Write out exactly the lines from the one containing "2-к квартира, строящийся" to the end of the material, both ends included, and nothing else. Leave pictures out.
====
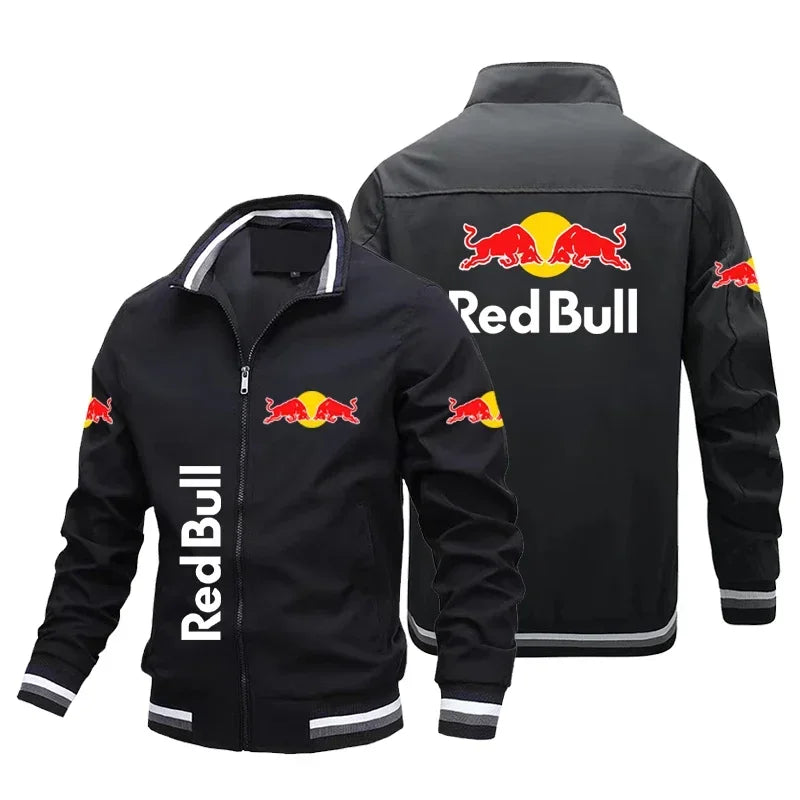 Jaqueta Retrô Red Bull 2025 – Moto Racing, Corta-Vento Esportivo Masculino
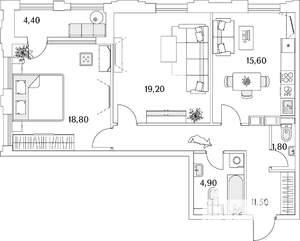 2-к квартира, строящийся дом, 74м2, 9/13 этаж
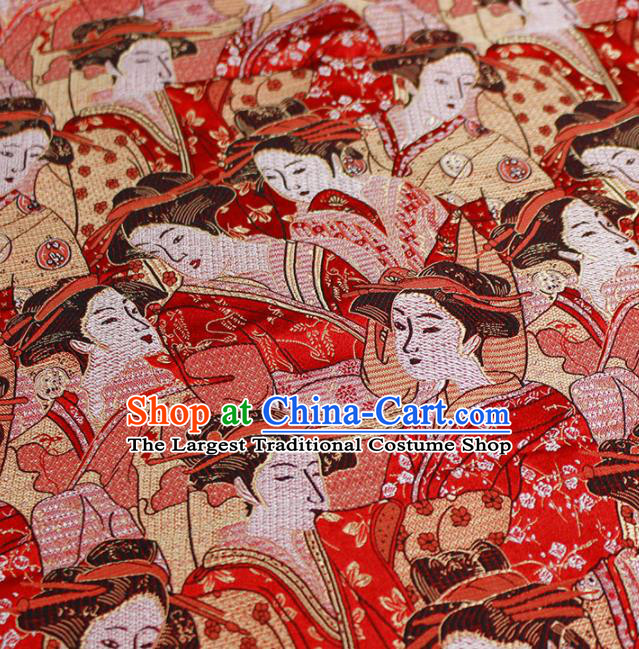Asian Japanese Kimono Red Satin Fabric Classical Geisha Pattern Design Brocade Traditional Drapery Silk Material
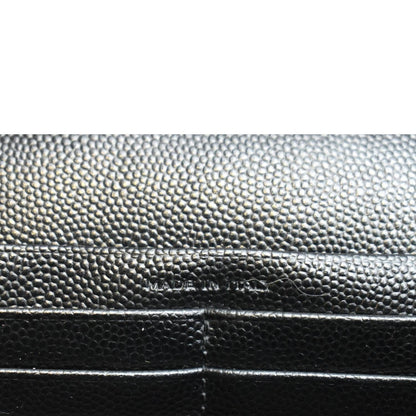 Yves Saint Laurent Embossed Leather Wallet on Chain Shoulder Bag Black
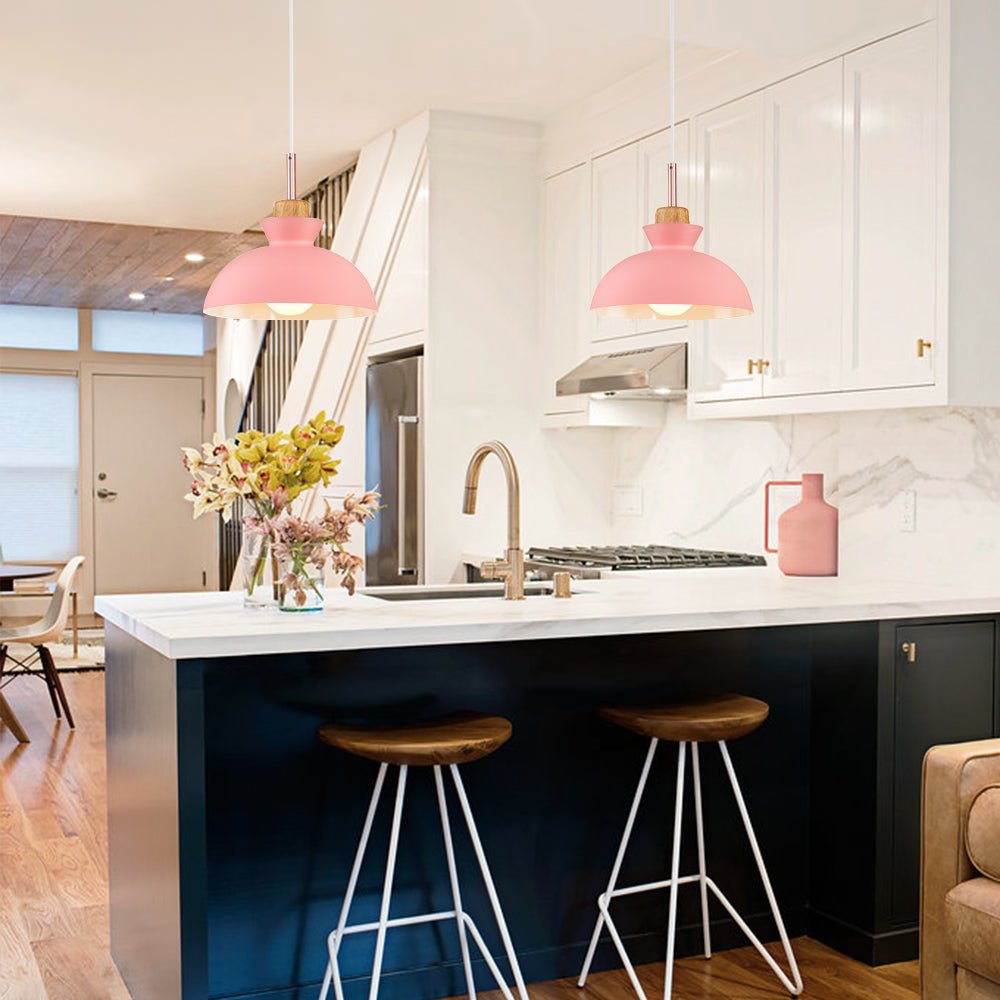 Pendantlightie-Contemporary Single Pendant Dome Light for Breakfast Bar-Pendants-Gray-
====
> **Result**:
 2-к квартира, строящийся дом, 74м2, 9/13 этаж
Asian Japanese Kimono Red Satin Fabric Classical Geisha Pattern Design Brocade Traditional Drapery Silk Material
 Yves Saint Laurent Embossed Leather Wallet on Chain Shoulder Bag Black
 Pendantlightie-Contemporary Single Pendant Dome Light for Breakfast Bar-Pendants-Gray-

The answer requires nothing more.